---------- GIVEN DATA
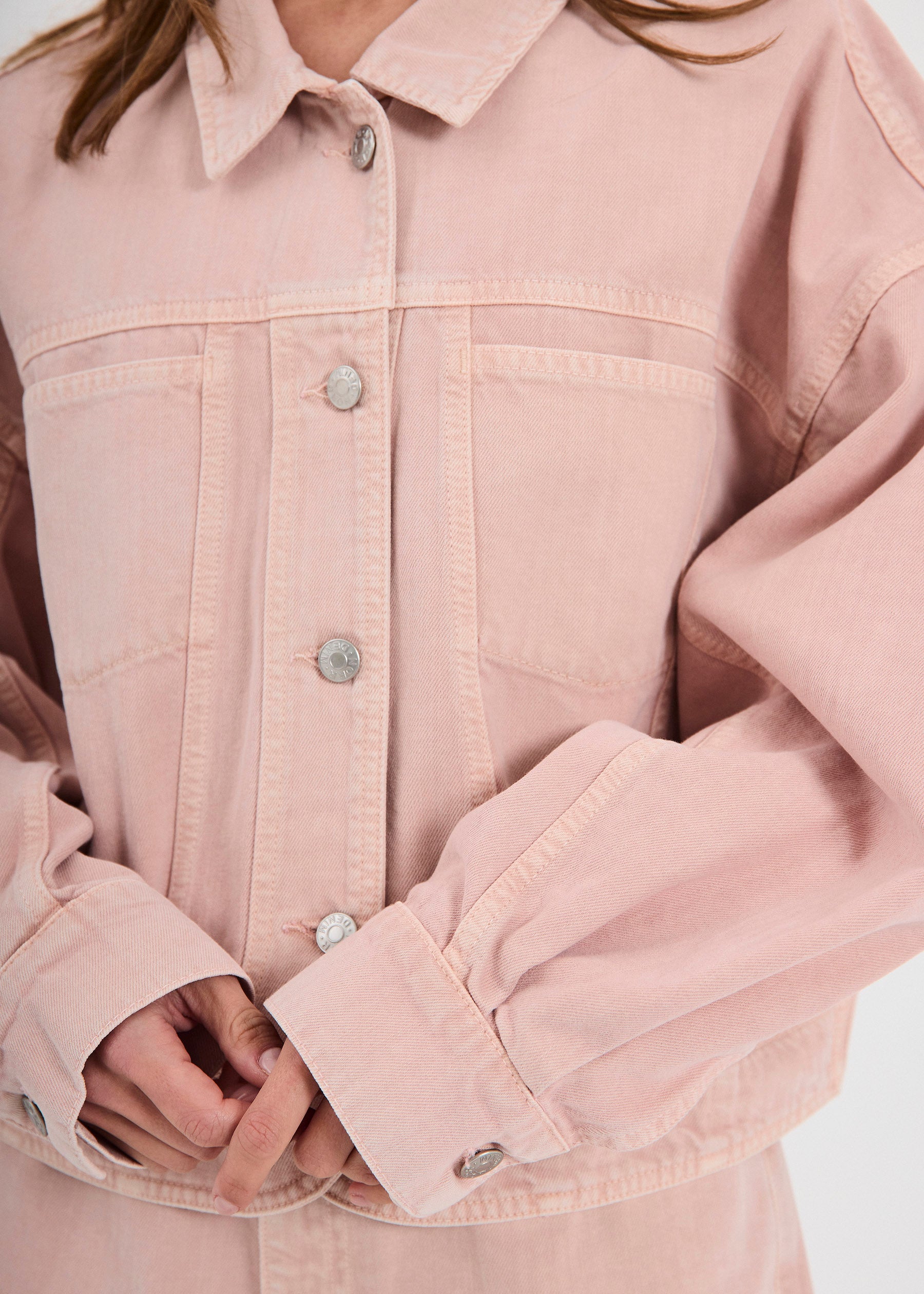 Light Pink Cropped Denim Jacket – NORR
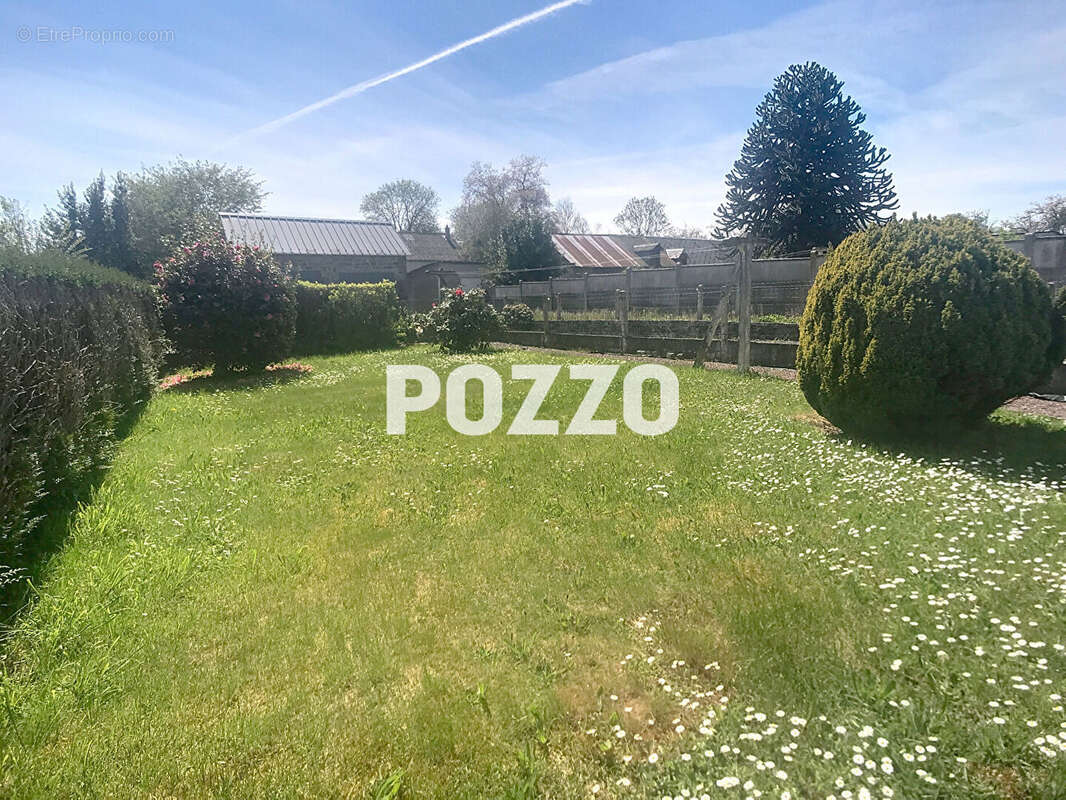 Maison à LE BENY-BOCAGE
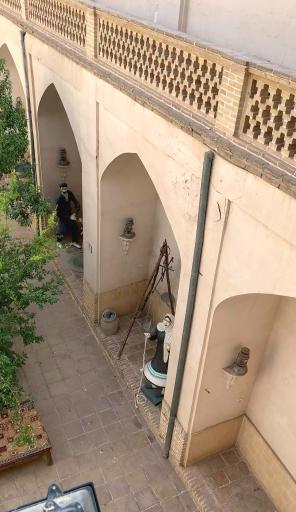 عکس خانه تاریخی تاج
--------------------
= INSTRUCTIONS TO FOLLOW =
The answer must be the full listing, exact in every line, with the pictures removed.

= RESPONSE AREA =
 Light Pink Cropped Denim Jacket – NORR
 Maison à LE BENY-BOCAGE
 عکس خانه تاریخی تاج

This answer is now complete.